Could you set down exactly the lines of the data below, starting at the one that holds "It Really Has" and ending at the one that holds "- 1399/11 MACCHINA", both included, and only those?

____________

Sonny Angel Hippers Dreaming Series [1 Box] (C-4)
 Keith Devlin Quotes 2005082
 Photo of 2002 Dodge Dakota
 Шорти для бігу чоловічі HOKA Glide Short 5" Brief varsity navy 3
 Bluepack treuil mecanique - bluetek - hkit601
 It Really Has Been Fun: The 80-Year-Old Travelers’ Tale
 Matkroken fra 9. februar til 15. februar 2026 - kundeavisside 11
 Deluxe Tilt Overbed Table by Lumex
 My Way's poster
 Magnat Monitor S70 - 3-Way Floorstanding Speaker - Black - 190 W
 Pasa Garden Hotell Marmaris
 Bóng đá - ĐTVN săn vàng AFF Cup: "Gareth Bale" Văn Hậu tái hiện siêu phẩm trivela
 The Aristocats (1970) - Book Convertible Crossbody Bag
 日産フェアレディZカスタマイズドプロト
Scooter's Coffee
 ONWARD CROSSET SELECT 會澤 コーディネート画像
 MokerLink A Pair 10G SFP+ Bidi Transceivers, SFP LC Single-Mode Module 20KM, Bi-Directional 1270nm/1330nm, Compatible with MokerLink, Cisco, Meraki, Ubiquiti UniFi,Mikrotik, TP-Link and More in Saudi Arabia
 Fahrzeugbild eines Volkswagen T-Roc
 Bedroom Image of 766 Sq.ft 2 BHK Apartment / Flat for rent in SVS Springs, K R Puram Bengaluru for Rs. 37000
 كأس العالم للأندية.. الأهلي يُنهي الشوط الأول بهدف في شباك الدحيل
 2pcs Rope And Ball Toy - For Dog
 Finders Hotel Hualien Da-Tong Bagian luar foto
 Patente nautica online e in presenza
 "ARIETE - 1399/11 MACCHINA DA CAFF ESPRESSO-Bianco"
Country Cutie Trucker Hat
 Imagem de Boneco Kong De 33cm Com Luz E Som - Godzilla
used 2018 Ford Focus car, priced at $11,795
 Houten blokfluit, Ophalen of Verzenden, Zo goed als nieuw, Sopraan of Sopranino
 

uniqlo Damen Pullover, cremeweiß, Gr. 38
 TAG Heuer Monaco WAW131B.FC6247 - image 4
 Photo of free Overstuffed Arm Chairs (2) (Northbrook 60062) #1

____________

- Exercise response -
 It Really Has Been Fun: The 80-Year-Old Travelers’ Tale
 Matkroken fra 9. februar til 15. februar 2026 - kundeavisside 11
 Deluxe Tilt Overbed Table by Lumex
 My Way's poster
 Magnat Monitor S70 - 3-Way Floorstanding Speaker - Black - 190 W
 Pasa Garden Hotell Marmaris
 Bóng đá - ĐTVN săn vàng AFF Cup: "Gareth Bale" Văn Hậu tái hiện siêu phẩm trivela
 The Aristocats (1970) - Book Convertible Crossbody Bag
 日産フェアレディZカスタマイズドプロト
Scooter's Coffee
 ONWARD CROSSET SELECT 會澤 コーディネート画像
 MokerLink A Pair 10G SFP+ Bidi Transceivers, SFP LC Single-Mode Module 20KM, Bi-Directional 1270nm/1330nm, Compatible with MokerLink, Cisco, Meraki, Ubiquiti UniFi,Mikrotik, TP-Link and More in Saudi Arabia
 Fahrzeugbild eines Volkswagen T-Roc
 Bedroom Image of 766 Sq.ft 2 BHK Apartment / Flat for rent in SVS Springs, K R Puram Bengaluru for Rs. 37000
 كأس العالم للأندية.. الأهلي يُنهي الشوط الأول بهدف في شباك الدحيل
 2pcs Rope And Ball Toy - For Dog
 Finders Hotel Hualien Da-Tong Bagian luar foto
 Patente nautica online e in presenza
 "ARIETE - 1399/11 MACCHINA DA CAFF ESPRESSO-Bianco"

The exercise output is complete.